• SOURCE DATA
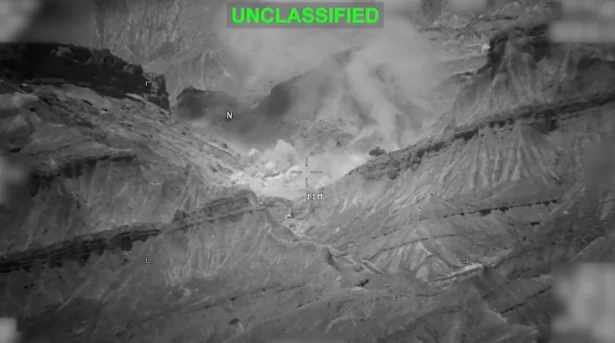 Smoke rises from an explosion at an unknown location, during what U.S. Central Command (CENTCOM) says are strikes on Iran, in this screen grab taken from a handout video released on July 18, 2026. (U.S. Central Command/Handout via Reuters)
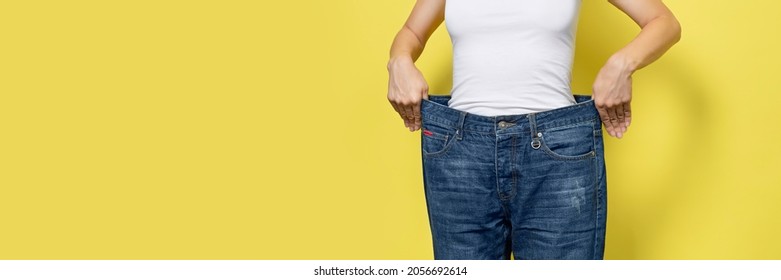 The Concept Of Diet, Proper Nutrition, Weight Loss. Slim Woman Showing Loose Jeans And Her Loss Weight. Woman White T-shirt And Oversize Jeans Isolated On Yellow Background. Banner With Copy Space.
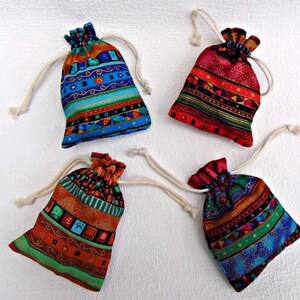 May include: Four small fabric drawstring pouches featuring vibrant, multi-colored patterns. Each bag has a cream-colored cord closure. The designs include horizontal stripes, geometric shapes, and intricate swirls in shades of blue, red, orange, and green.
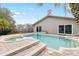 Backyard pool and spa surrounded by brick pavers and lush landscaping at 210 Lee St, Oldsmar, FL 34677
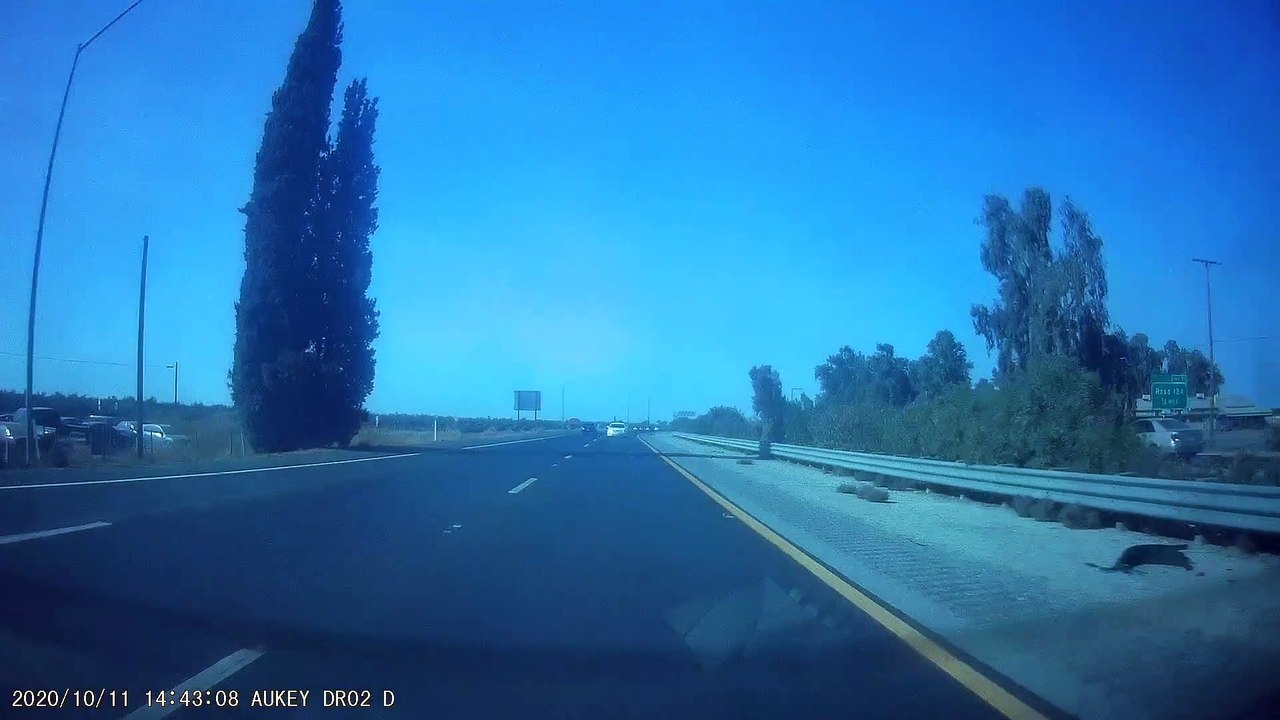 Overtaking Car Crashes into Barrier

• WHAT IS REQUIRED
Where a record above contains a picture, leave the picture out and transcribe everything else exactly.

• PROBLEM SOLUTION
 Smoke rises from an explosion at an unknown location, during what U.S. Central Command (CENTCOM) says are strikes on Iran, in this screen grab taken from a handout video released on July 18, 2026. (U.S. Central Command/Handout via Reuters)
 The Concept Of Diet, Proper Nutrition, Weight Loss. Slim Woman Showing Loose Jeans And Her Loss Weight. Woman White T-shirt And Oversize Jeans Isolated On Yellow Background. Banner With Copy Space.
 May include: Four small fabric drawstring pouches featuring vibrant, multi-colored patterns. Each bag has a cream-colored cord closure. The designs include horizontal stripes, geometric shapes, and intricate swirls in shades of blue, red, orange, and green.
 Backyard pool and spa surrounded by brick pavers and lush landscaping at 210 Lee St, Oldsmar, FL 34677
 Overtaking Car Crashes into Barrier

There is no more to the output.